**Task details**
Only the lines below from the one containing "Şanlıurfa'da otomobile düzenlenen" to the one containing "Ziegler Carpet - 242 x 177 cm - rød" should be repeated, both included and unchanged.

**Dataset**
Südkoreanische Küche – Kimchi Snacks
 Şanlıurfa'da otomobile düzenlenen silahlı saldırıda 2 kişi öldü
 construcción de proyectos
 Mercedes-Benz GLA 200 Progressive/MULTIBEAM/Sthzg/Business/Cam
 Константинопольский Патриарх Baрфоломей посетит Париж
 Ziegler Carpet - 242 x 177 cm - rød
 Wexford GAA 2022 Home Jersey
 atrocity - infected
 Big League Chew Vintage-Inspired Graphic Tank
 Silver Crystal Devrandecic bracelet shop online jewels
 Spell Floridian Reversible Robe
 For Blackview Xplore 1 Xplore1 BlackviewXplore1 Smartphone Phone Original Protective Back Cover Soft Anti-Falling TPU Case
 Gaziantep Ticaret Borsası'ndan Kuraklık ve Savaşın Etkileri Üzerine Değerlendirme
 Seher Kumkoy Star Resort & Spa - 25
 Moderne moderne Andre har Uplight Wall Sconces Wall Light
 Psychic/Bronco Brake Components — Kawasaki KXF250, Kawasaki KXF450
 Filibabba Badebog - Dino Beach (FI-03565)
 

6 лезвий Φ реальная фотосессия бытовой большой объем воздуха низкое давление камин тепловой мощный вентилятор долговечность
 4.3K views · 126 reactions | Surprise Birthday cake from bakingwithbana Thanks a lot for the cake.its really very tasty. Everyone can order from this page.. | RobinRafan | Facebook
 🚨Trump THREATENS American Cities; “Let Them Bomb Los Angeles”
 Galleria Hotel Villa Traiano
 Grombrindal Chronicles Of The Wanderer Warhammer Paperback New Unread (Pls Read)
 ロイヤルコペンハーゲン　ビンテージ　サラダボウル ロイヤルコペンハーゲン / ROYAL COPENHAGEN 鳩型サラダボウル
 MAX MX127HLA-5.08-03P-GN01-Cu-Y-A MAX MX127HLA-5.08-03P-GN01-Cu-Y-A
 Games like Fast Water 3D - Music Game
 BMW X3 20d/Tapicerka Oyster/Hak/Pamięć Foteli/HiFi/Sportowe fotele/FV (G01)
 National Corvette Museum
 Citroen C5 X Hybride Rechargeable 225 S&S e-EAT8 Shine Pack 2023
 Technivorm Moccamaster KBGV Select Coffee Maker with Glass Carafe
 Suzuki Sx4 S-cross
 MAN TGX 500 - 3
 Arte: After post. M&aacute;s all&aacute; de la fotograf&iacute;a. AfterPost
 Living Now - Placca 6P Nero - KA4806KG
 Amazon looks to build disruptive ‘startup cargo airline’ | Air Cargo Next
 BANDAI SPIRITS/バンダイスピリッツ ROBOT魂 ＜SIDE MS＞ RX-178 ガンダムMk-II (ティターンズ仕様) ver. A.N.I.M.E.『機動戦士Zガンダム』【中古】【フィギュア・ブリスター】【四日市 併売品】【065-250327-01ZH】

**Answer box**
 Şanlıurfa'da otomobile düzenlenen silahlı saldırıda 2 kişi öldü
 construcción de proyectos
 Mercedes-Benz GLA 200 Progressive/MULTIBEAM/Sthzg/Business/Cam
 Константинопольский Патриарх Baрфоломей посетит Париж
 Ziegler Carpet - 242 x 177 cm - rød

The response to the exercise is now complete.